There has been much thankfulness among many Anglican evangelicals about the church's newest bishop.
The announcement that Philip Mounstephen, who currently heads the Church Mission Society (CMS), is to be the next Bishop of Truro has generally been reckoned as good news for evangelicals in the Church of England.
Philip Mounstephen is widely recognised as someone who will do the sorts of things bishops do with godliness, kindness and competence. In a statement accompanying the announcement, he said: 'The Diocese of Truro exists to love and serve the people of Cornwall in word and deed in the name of Jesus Christ and in the power of his Spirit – and my job is to lead the diocese in that calling.' And who could argue with that? Moreover, Anglicanism in Cornwall has sometimes seemed quite hostile to evangelicals, so his appointment can be seen as a bit of a breakthrough for them.

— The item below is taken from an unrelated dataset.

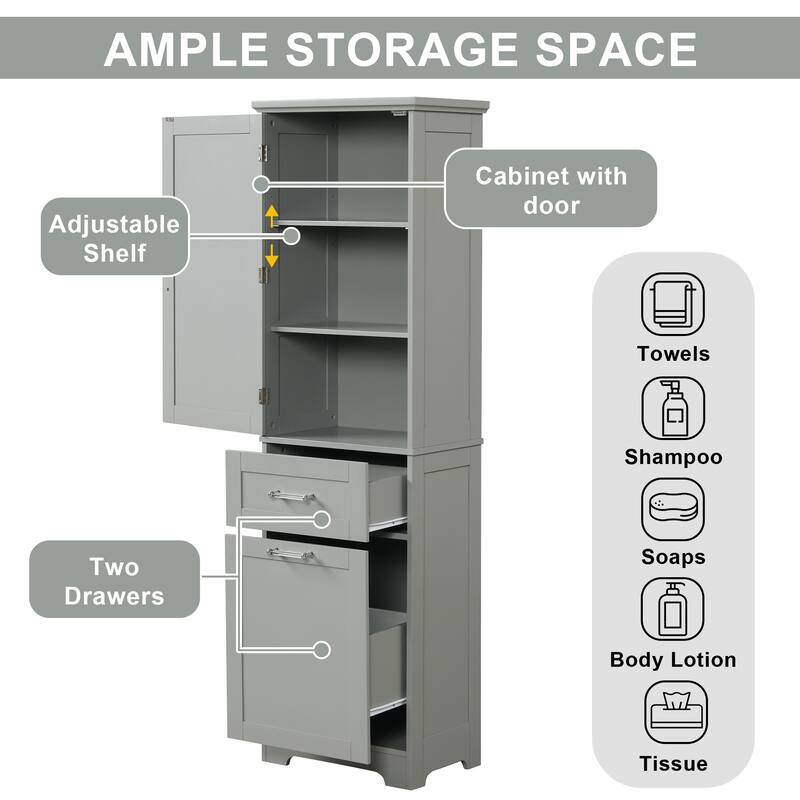 GDFStudio - Rowan Tall Freestanding Bathroom Storage Cabinet with Two-Sized Drawers and Adjustable Shelf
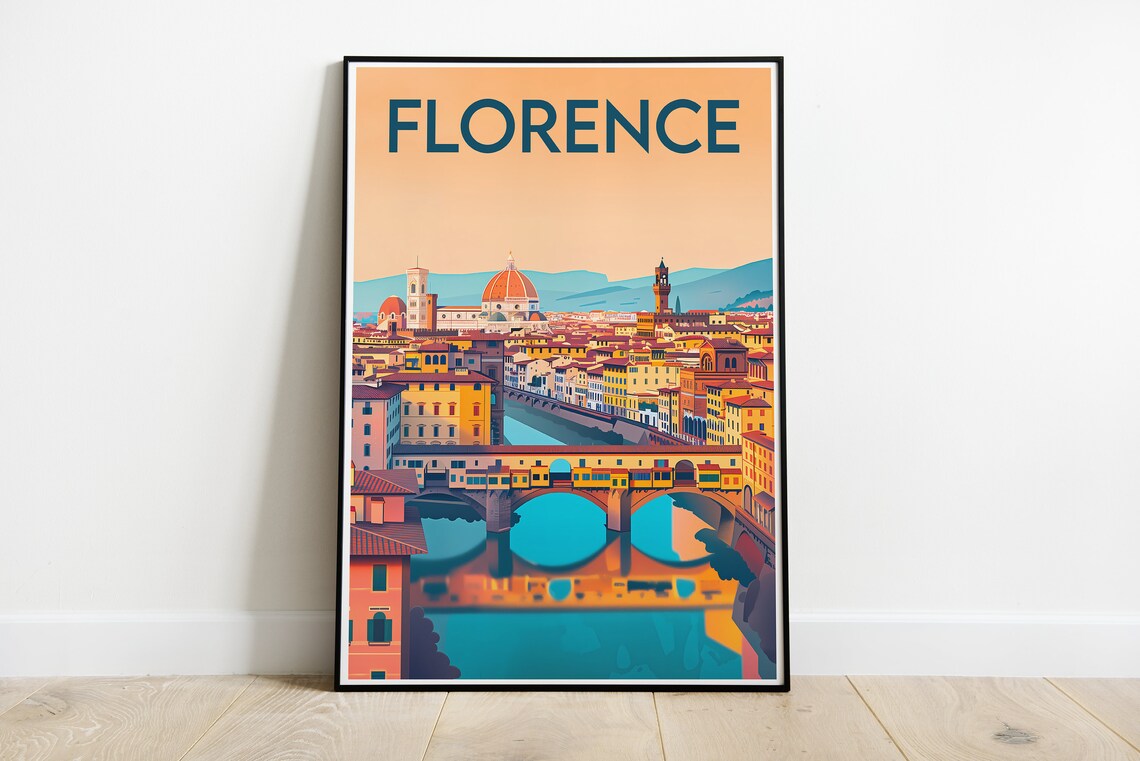 Florence Travel Poster, Ponte Vecchio City Print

But amid all the rightful praise, an awkward question was posed in one of the online discussion groups of which I am a member. And the query was simply this: 'Is he a complementarian?' It was an astute point. For those of you who don't keep up with theological language, there are basically two views of men's and women's ministries in Anglicanism. The first might be termed 'egalitarian' (men and women are equal and their roles within the church should thus be identical, with both being bishops); the second is 'complementarian' (men and women are equal but different and therefore their church roles should be different; women should not have 'headship' over men in the church).
While many might be tempted to dismiss the latter view as patriarchal misogyny in the guise of theology, I have to say that most of the complementarians I know hold their position for deeply-held reasons of conscience rooted in a reverence for God, passion for the Bible, and a desire to be faithful. And that includes quite a few women. Moreover, most of Christianity worldwide – the Roman Catholic and Eastern Orthodox Churches – takes a 'complementarian' view.
When the Church of England decided to ordain women as bishops, it bravely sought some kind of formula which would hold these two parts of its body together. Arising out of this came something with the slightly Maoist-sounding title of 'The five guiding principles'. The aim was 'mutual flourishing' for both egalitarians and complementarians.
So how has that worked out in practice? Well, according to answers given at the most recent General Synod, since the legislation on women bishops came into force in November 2014, 14 women have been appointed as bishops, three as deans and 20 as archdeacons. At the same time, no-one who is unable for conscientiously-held theological reasons to recognise the 'priestly' or episcopal ministry of women has been appointed as an archdeacon or dean.
Furthermore, during the same period, just two 'suffragan' (or more local) bishops who do not ordain women have been announced (one of whom is evangelical). No diocesan bishops (the regional tier 'above' suffragan bishops) who are complementarians have been installed. The last attempt to do so ended in farce following what some have seen as a witch-hunt against Anglo-Catholic complementarian Philip North. This is hard to square with the church's own Faith & Order Commission publication The Five Guiding Principles: A Resource for Study (2018). That document speaks of 'not corralling some within the boundaries of their own parishes or networks, but providing space generously for all to flourish in its common life and in structures shared by all'.
This lack of complementarian bishops should concern all wings of the church. Complementarian evangelicals and Anglo-Catholics understandably feel patronised and betrayed. But egalitarian evangelicals should also be concerned: after all, these other traditionalist evangelicals probably share 98 per cent of their theological DNA; they are fellow brothers and sisters. And in debates about the future direction of the wider Church of England, they are going to need to work together. Egalitarian evangelicals need to be asking: how can we help our close friends and allies here? What can we do?
But liberals who truly are 'liberal' should also be concerned. If they really want a broad, inclusive and diverse church, well then – where's the inclusivity and diversity on this particular issue? Does 'loving your neighbour' only extend to those with whom you agree? Does (even) 'loving your (theological) enemy' include everyone but complementarians?
All in all, it is a shabby state of affairs. After all, if the church's 'five guiding principles' in this matter aren't worth the paper on which they are written, why should anyone from any wing of the church believe possible future assurances which might be given to any grouping in the church – liberal or conservative – when issues of sexuality are discussed? The answer is that they won't. And neither – unless this particular situation changes – should they. As someone rather significant once said, 'Let your yes be yes.' I don't think he meant, 'Let your yes be a probably not.' Do you?